Meu artigo será publicado em inglês: devo enviar o original a um revisor?
Em algumas áreas do conhecimento, é bastante comum que artigos científicos sejam publicados diretamente em (tradução para o) inglês. Se o autor não for suficientemente proficiente para redigir o artigo em língua estrangeira, redige-o em português, e o envia a um tradutor (que, num lapso laboral e metodológico recorrente, nem sempre recebe crédito pelo trabalho). Não obstante, mesmo a autores com nível universitário pode faltar suficiente domínio da escrita em língua materna, e podem cometer deslizes, desviando-se da norma-padrão em graus variados.
A tarefa do revisor e a do tradutor têm em comum a necessidade de entregar uma interpretação do texto. Muitas vezes, essa interpretação deve ser mais clara, menos ambígua do que o texto original—algo que parece subjazer à ética dos tradutores profissionais, embora seja mal visto por algumas teorias de tradução de pendor mais propriamente prescritivo, ligadas à literatura.
Para revisores e tradutores, pequenos lapsos em relação à norma padrão podem não causar problemas: uma vírgula faltando, um acento gráfico omitido, etc. podem parecer inofensivos, e é mesmo a tarefa e razão de ser da revisão detectá-los; outros tipos de problemas, porém, podem tornar o texto mais ambíguo ou confuso, e forçar a mão dos profissionais na escolha de uma interpretação. Quanto mais sério o erro, quanto mais crucial a sessão do artigo onde ocorre, tanto maiores as chances de uma escrita truncada, nebulosa, e os riscos de uma interpretação equivocada, mesmo por parte de um profissional competente.
Outro problema comum, não necessariamente ligado a erros, mas a determinados estilos de escrita de determinadas áreas acadêmicas, é a redundância. Embora seja natural que artigos científicos repitam constantemente algumas palavras centrais do texto (que podem ou não haver sido incluídas entre as palavras-chave), por vezes, é possível perceber que algumas reiterações são desnecessárias, e sobrecarregam sentenças com sintagmas nominais longos, apostos e sinônimos que, a bem da verdade, nada agregam à complexidade do pensamento, antes sobrecarregam o processamento da leitura.
Revisores são pagos para alterar a redação; podem oferecer sugestões de alteração e simplificação e mesmo supressão de tais trechos. Para o tradutor, entretanto, põe-se um dilema: a legibilidade (ou seja: a comunicabilidade do texto) entra em conflito com a estrita expressão de seu pensamento. Por um lado, o estilo sobrecarregado pode soar canhestro numa língua cujas práticas redacionais sejam outras; por outro, o tradutor nem sempre se sente confortável efetuando cortes de redundâncias ou movendo informações de lugar.

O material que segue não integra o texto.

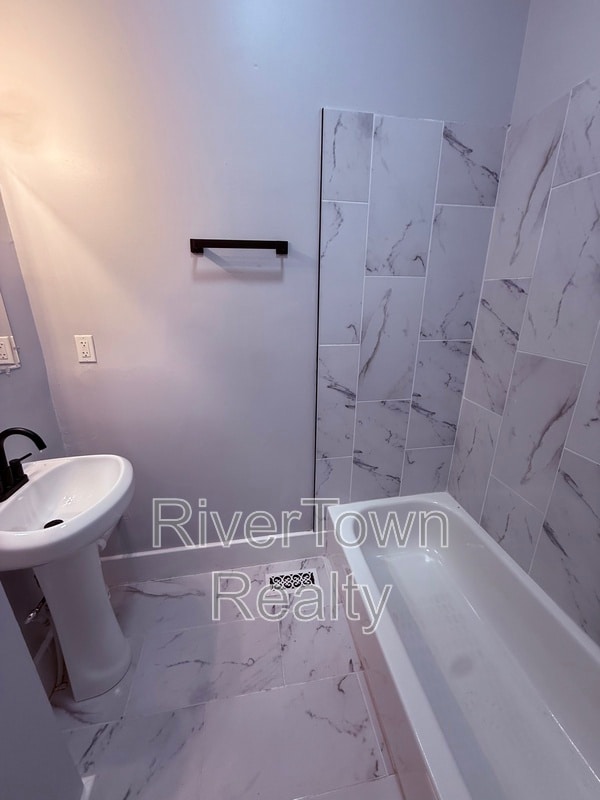 Building Photo - 2184 Cowden Ave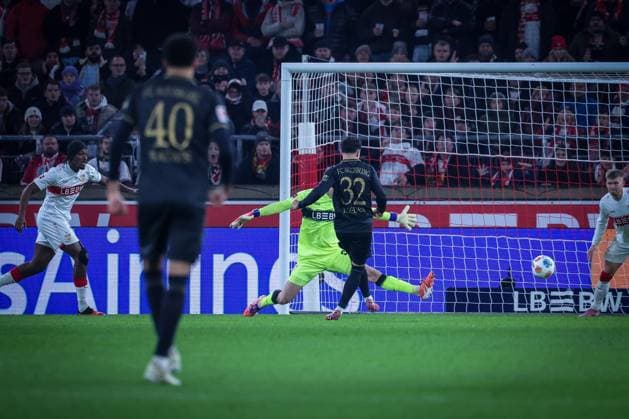 Fabian Rieder 32 FC Augsburg scores the 0 1, VfB Stuttgart vs FC Augsburg, Football, Men, DFL, Bundesliga, Season 2025 2026, MHP Arena, Matchday 10, 09 11 2025 Stuttgart Baden Wuerttemberg Germany Copyright: xkolbert-press MartinxAgüerax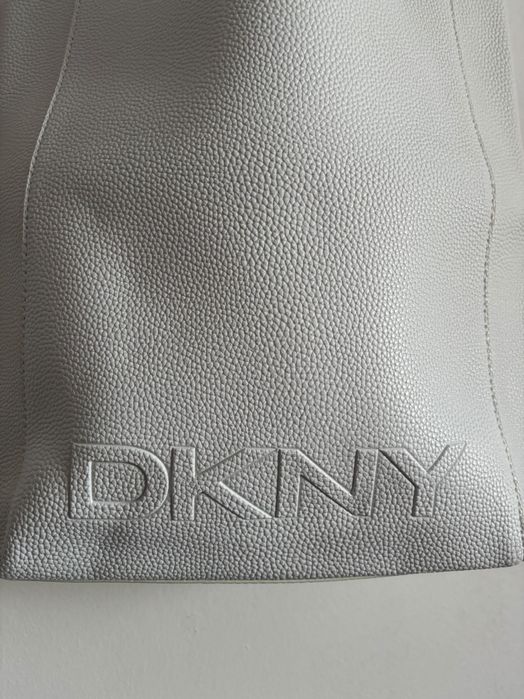 Дамска чанта Dkny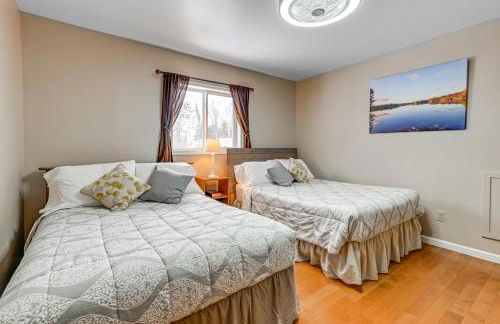 Lakefront Suring Home with Pool Table and Views! - Foto 30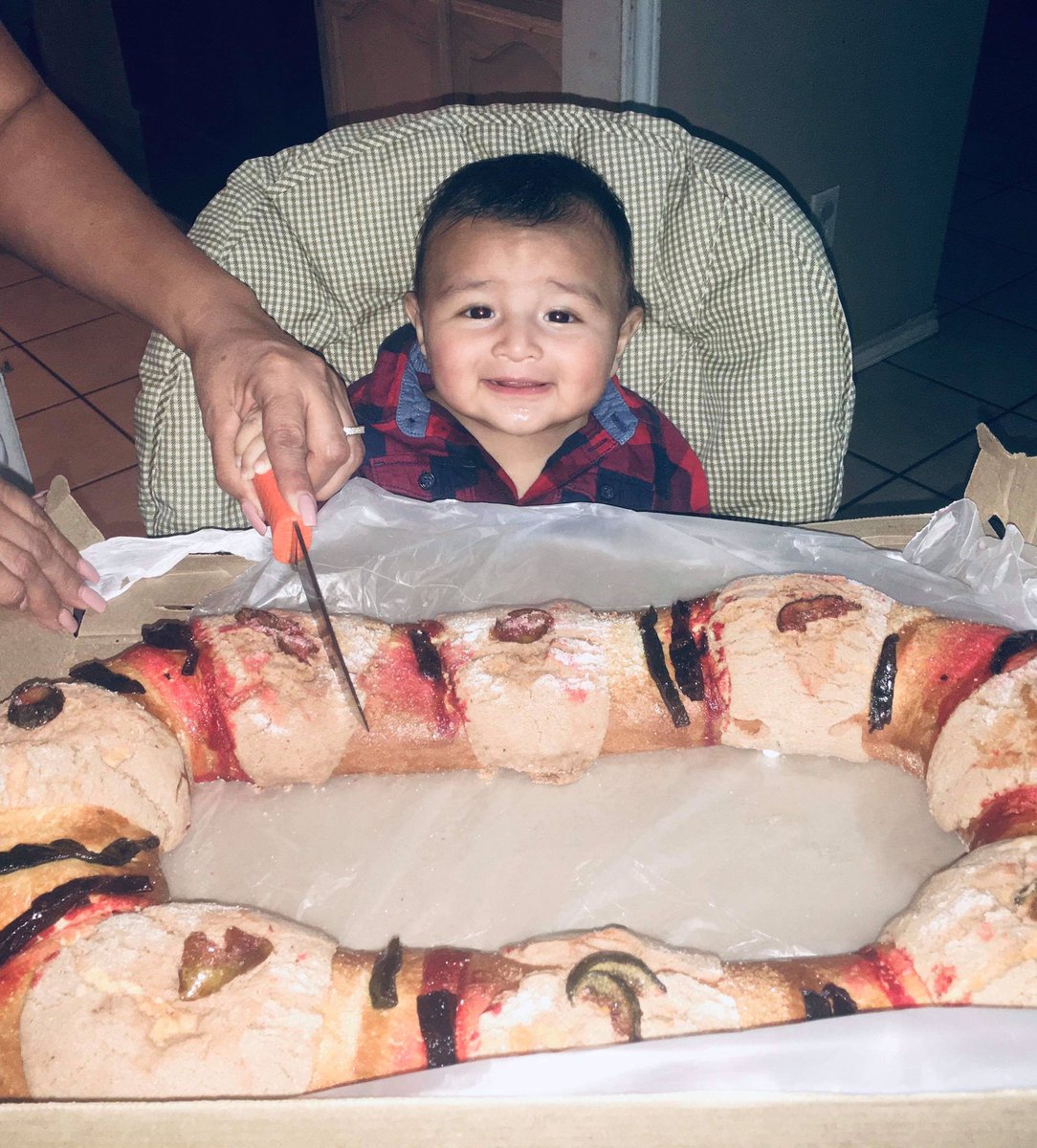 eliseofavit's tweet photo. Mijo con la rosca y le salió el mono!!! 

Que hermosa sonrisa 😍😍 https://t.co/8noofZJZRK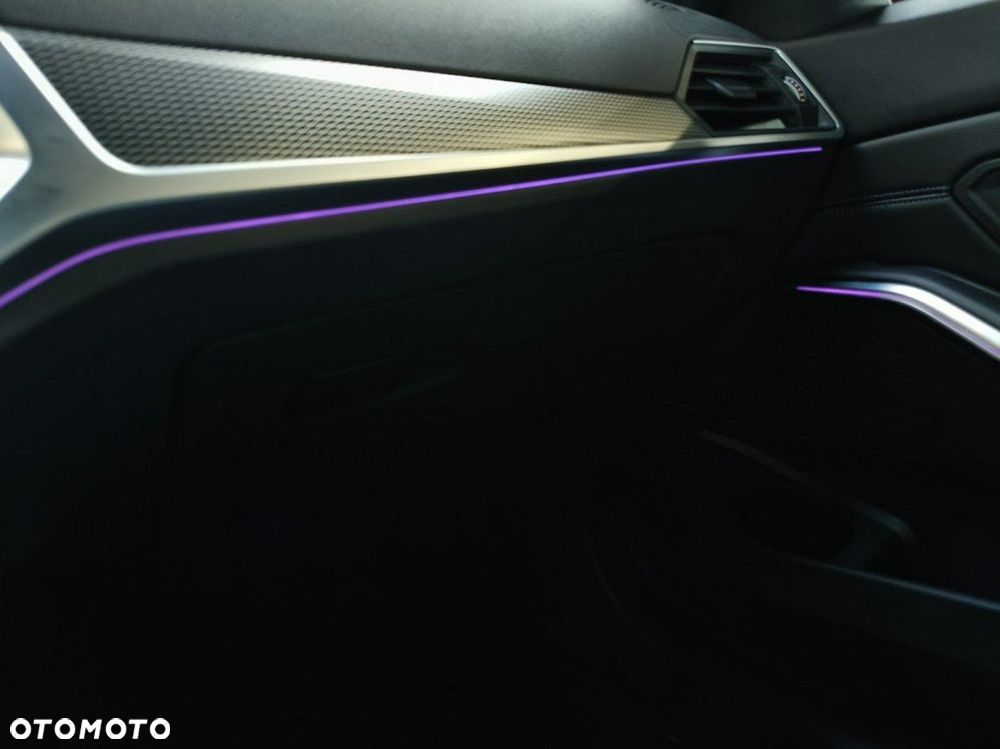 BMW Seria 3 320i M Sport - 35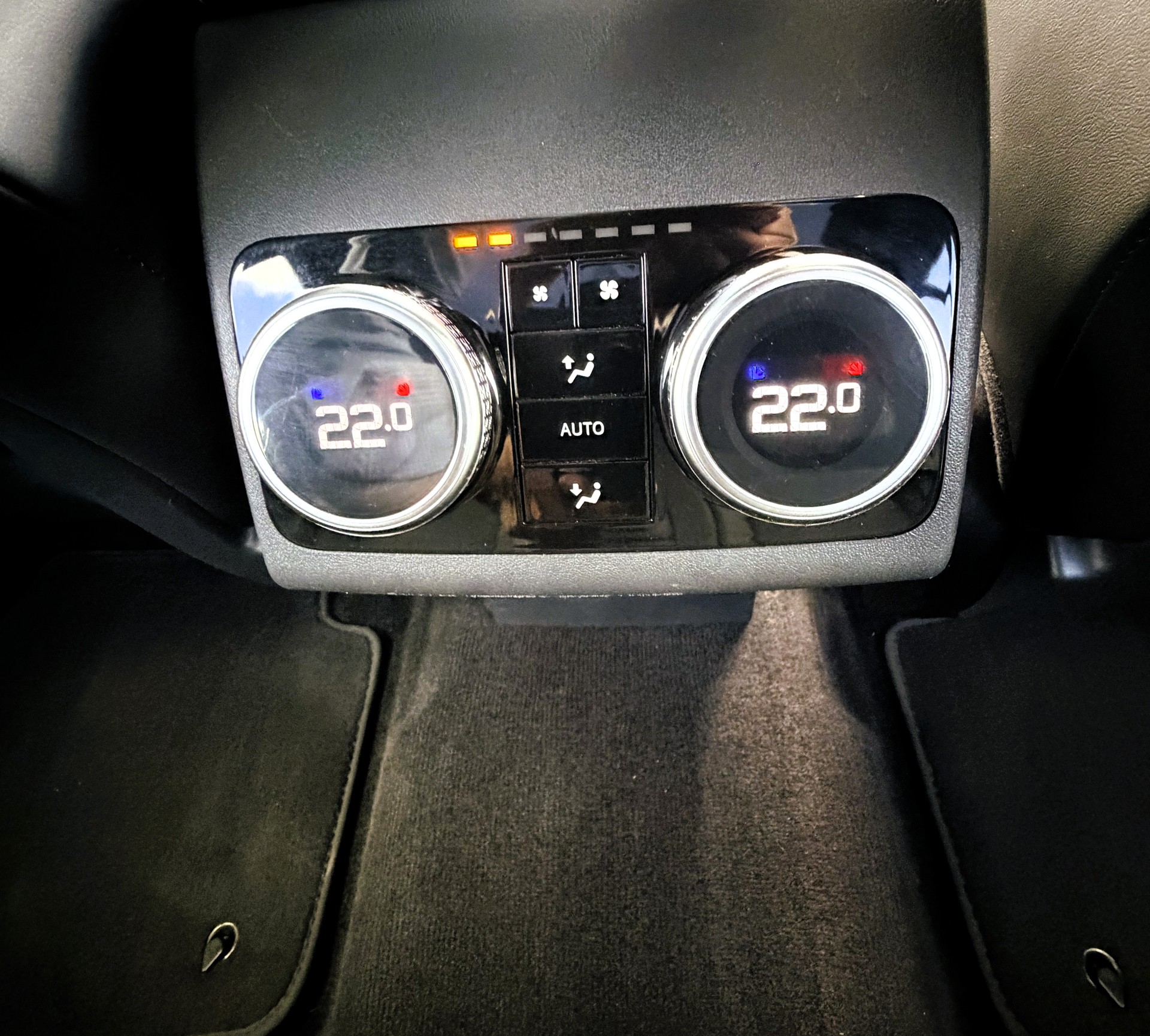 JAGUAR I-Pace EV400 HSE Black AWD-image-21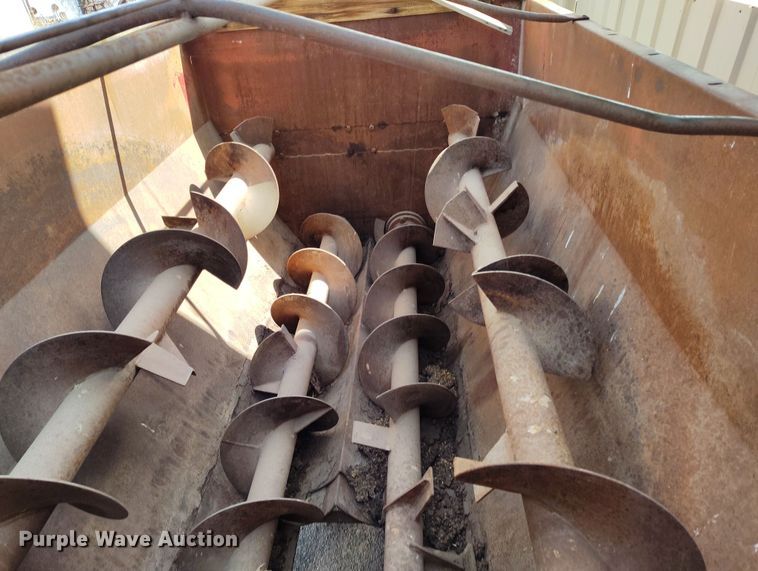 image for item EH0220 Van Dale feed mixer bed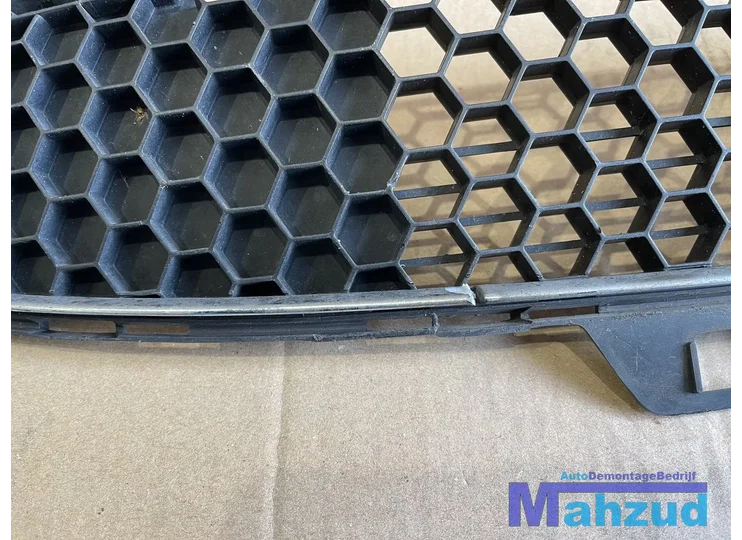 2005-peugeot-206-voorbumper-grille-rooster-midden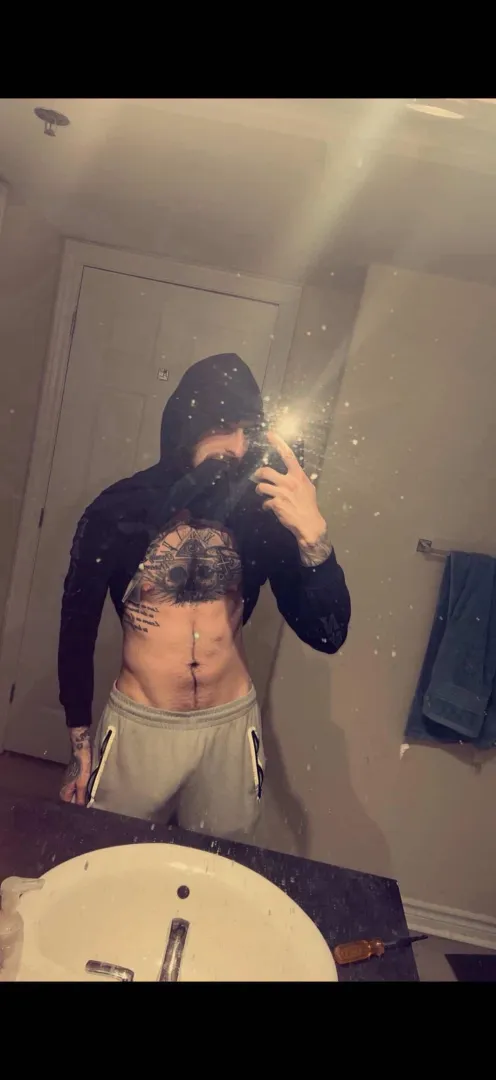 Love taking pictures in grey sweatpants  posted by Fit-Recording-6917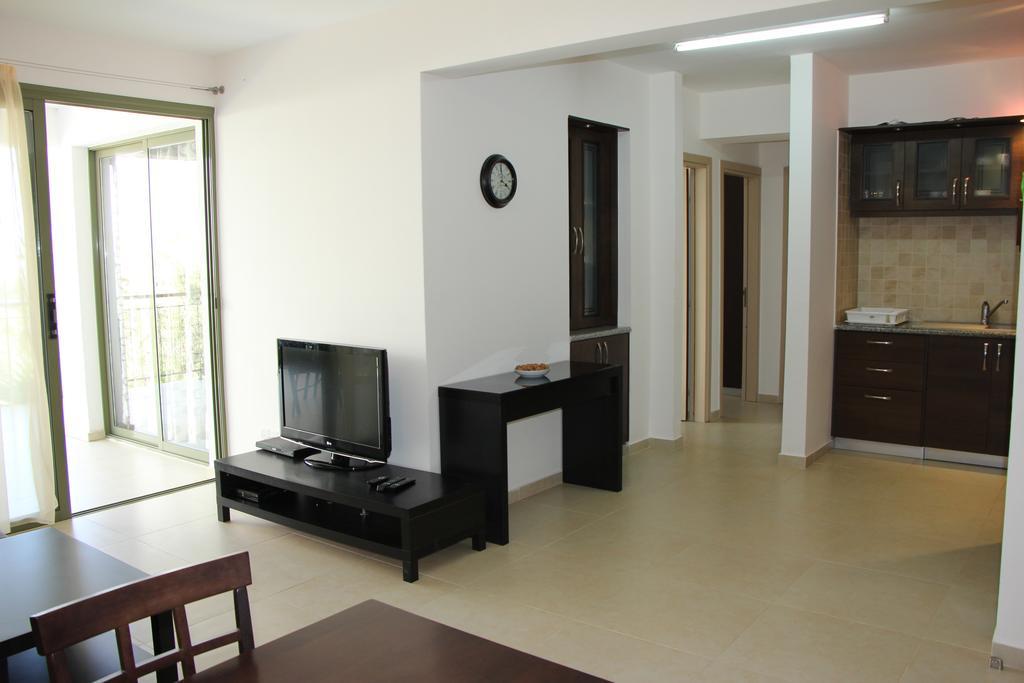 Danaos Pool View Apartment *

Assim sendo, mesmo que seu texto em português não venha a ser publicado, é importante que passe por uma revisão textual cuidadosa antes de ser traduzido. Talvez o próprio tradutor atue como revisor, e possa realiza-la antes da tradução, incluindo-a no orçamento. Esta opção teria a vantagem de oferecer uma revisão textual direcionada ao propósito final de traduzir o texto.
Alguns autores podem concluir que isso encarece os custos da publicação. É muito importante, em primeiro lugar, que tenhamos ciência daquilo de que temos real necessidade, dando a nossos diferentes colaboradores e instrumentos o devido valor, para que possamos cumprir nossas obrigações profissionais da maneira mais responsável possível. Um revisor e um tradutor, em alguns casos, podem ser tão necessários quanto o orientador, os colegas de pesquisa, os livros, a biblioteca, o laboratório, a impressora, etc. Valorizar os profissionais que trabalham conosco também é uma forma de valorizar nosso próprio trabalho.
Em segundo lugar, se é verdade que este processo em duas etapas pode soar oneroso, é igualmente verdade que o autor prolixo literalmente paga por sua prolixidade: quanto maior um texto, mais altos os custos de revisão e tradução, e maiores os prazos. A revisão prévia à tradução pode, na verdade, poupar custos futuros, ensinando ao redator onde vem errando ou se excedendo, e auxiliando-o a produzir textos mais dinâmicos e eficientes, conseqüentemente mais baratos e ágeis de se revisar e traduzir.
Converse com seu tradutor sobre a necessidade de uma revisão textual dos originais prévia à tradução; deste modo, garante-se uma tradução mais escorreita, mais livre de problemas interpretativos, e temos ainda a oportunidade de repensar nossa própria escrita uma vez mais, antes que seja vertida para uma outra língua.